В 1900 году первоприсутствующим в Синоде становится давний недоброжелатель Толстого митрополит Санкт-Петербургский Антоний (Вадковский). Взбешенный нападками Толстого, Победоносцев давно уже был готов расквитаться. Николай II, с детства находившийся под влиянием Победоносцева, по своему обыкновению предал дело на волю «мистического течения судьбы». Инициатива отлучения исходила от митрополита Антония, текст написал лично Победоносцев. Отредактированное Синодом и одобренное царем определение за подписью семи архиереев было торжественно провозглашено 24 февраля 1901 года. Толстой здесь назывался «лжеучителем» и обвинялся в ниспровержении всех церковных догматов. «Посему Церковь не считает более его своим членом до тех пор, пока он не раскается и не восстановит своего общения с нею», – говорилось в документе. Текст отлучения завершала молитва о покаянии и вразумлении писателя.

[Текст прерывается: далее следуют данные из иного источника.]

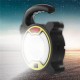 Portable Rechargeable Solar LED Flood Light Camping Lamp for Outdoor Work Hiking Fishing Portable Rechargeable Solar LED Flood Light Camping Lamp for Outdoor Work Hiking Fishing
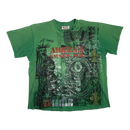 America eats its young tshirt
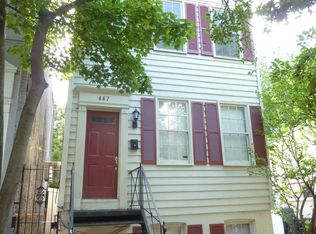 447 1st St SE, Washington, DC 20003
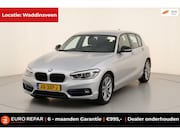 BMW 1-serie - 120i Sport Line Edition DEALER OND. 1E EIG. NL-AUTO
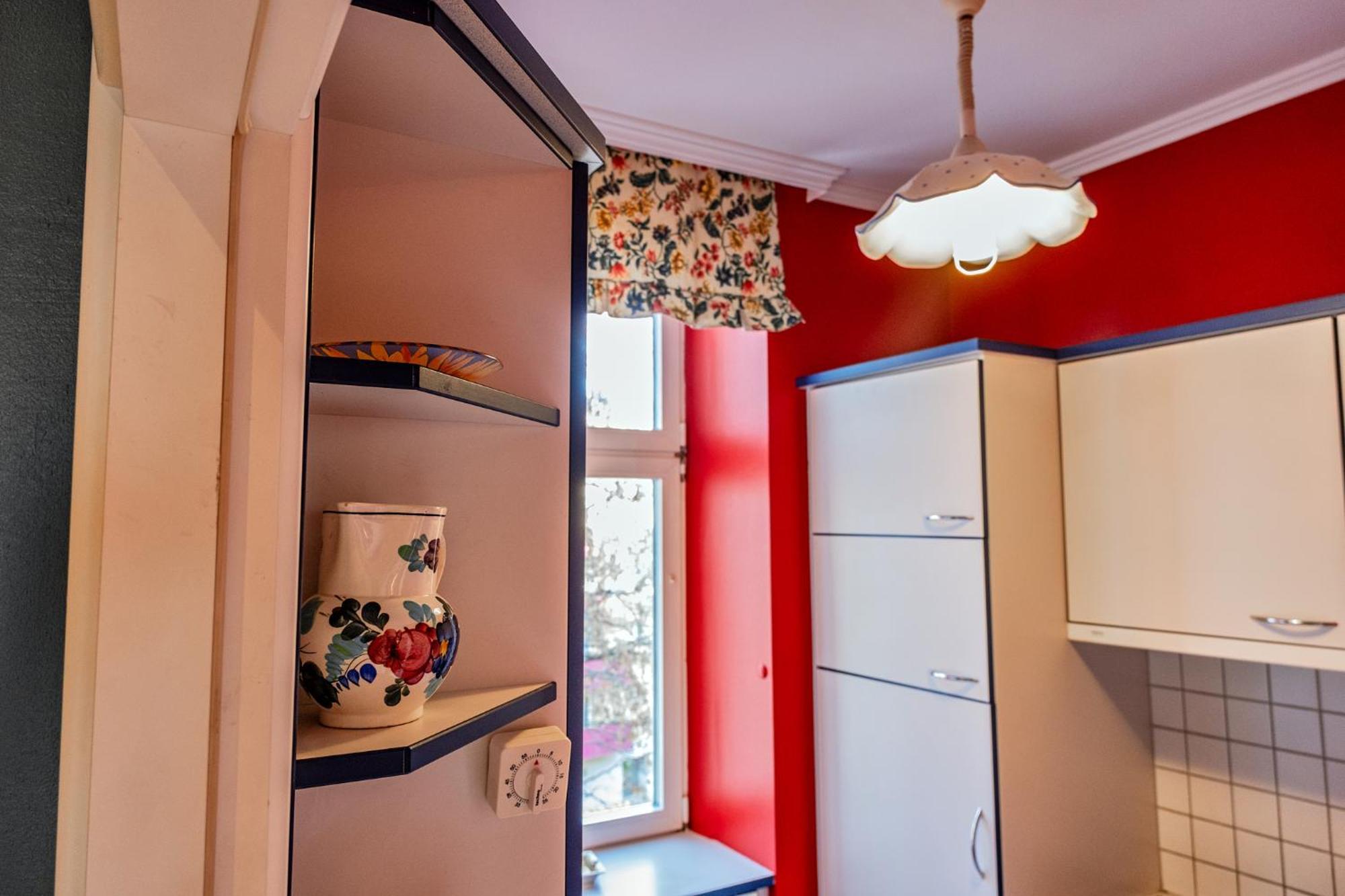 Feel At I Bright Windows I Penzing Trainstation Apartment Wien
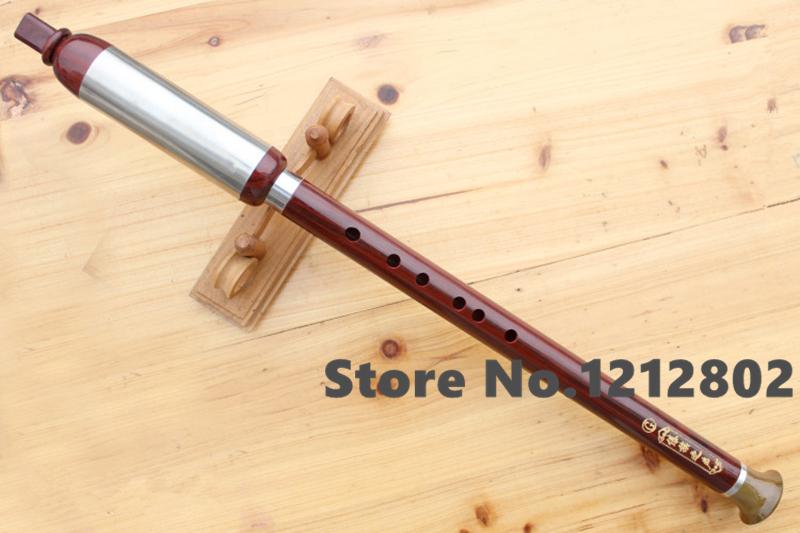 Bakelite Flute Bawu Vertical Playing Bawu Flute F/G Key Flauta Alto Bass Flute not Dizi Not XiaoMusical Instruments For Beginner
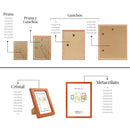 MARCO DE FOTOS MOD-272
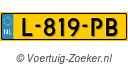 L819PB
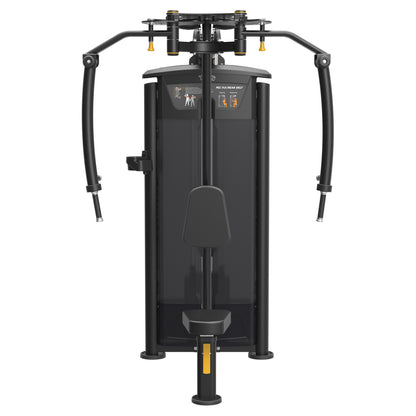 TAG Fitness Elite Pec Fly & Rear Delt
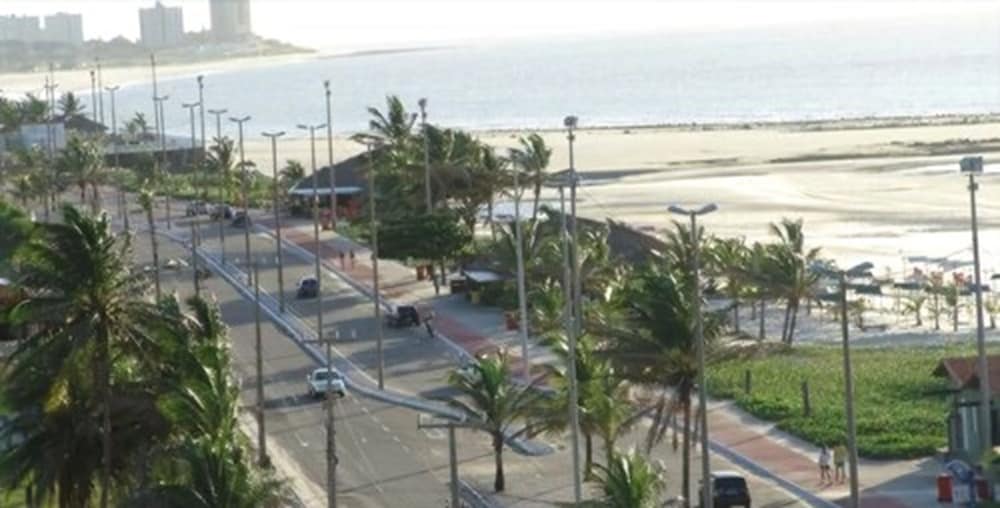 Litoranea Praia Hotel 36/40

Еще раз отметим взвешенность формулировок Синода, немало контрастирующих с гневным обличительным тоном самого Толстого. Вот, например, что писал он царю в декабре 1900 года: «Из всех этих преступных дел самые гадкие и возмущающие душу всякого честного человека, это дела, творимые отвратительным, бессердечным, бессовестным советчиком вашим по религиозным делам, злодеем, имя которого, как образцового злодея, перейдет в историю – Победоносцевым». Кстати, и анафема Толстому, вопреки расхожему мнению, официально так и не была провозглашена. С другой стороны, понятно, что Синод, за которым стояла вся мощь государства, мог позволить себе быть холодно-сдержанным. Героическому же одиночке Толстому в его схватке с государством и Церковью оставалось лишь вызывать огонь на себя.

Правительственные и черносотенные публицисты, горячие головы по всей России восприняли определение Синода как команду начать травлю писателя. «Тебя давно ждет виселица», «Смерть на носу», «Покайся, грешник», «Еретиков нужно убивать», – писали Толстому защитники Церкви и престола. Некая Маркова из Москвы прислала в Ясную Поляну посылку с веревкой и сопроводительным письмом: «Не утруждая правительство, можете сделать сами, нетрудно. Этим доставите благо нашей родине и нашей молодежи». И подпись «русская мать». В «Тульских Епархиальных Ведомостях» появилась корреспонденция о следующем «чуде»: «Многими лицами, и в том числе пишущим сии строки, замечено удивительное явление с портретом Л.Н.Толстого. После отлучения Толстого от Церкви определением богоучрежденной власти выражение лица графа Толстого приняло чисто сатанинский облик: стало не только злобно, но свирепо и угрюмо... Впечатление, получаемое от портрета гр. Толстого, объяснимо только присутствием около его портретов нечистой силы (бесов и их начальника диавола), которым усердно послужил во вред человечеству трехокаянный граф». Из монастыря Глинская пустынь сообщали о написанной на монастырской стене злободневной фреске, изображающей Толстого, окруженного многочисленными грешниками и подписью: «Искоренитель религии и брачных союзов». Сообщалось, что возле картины толпятся богомольцы, а кто-нибудь из братии им разъясняет: «Еретик он и богоненавистник! И куда смотрят! Рази так нужно? В пушку бы его зарядил – и бах! Лети к нехристям, за границу, графишка куцый!..»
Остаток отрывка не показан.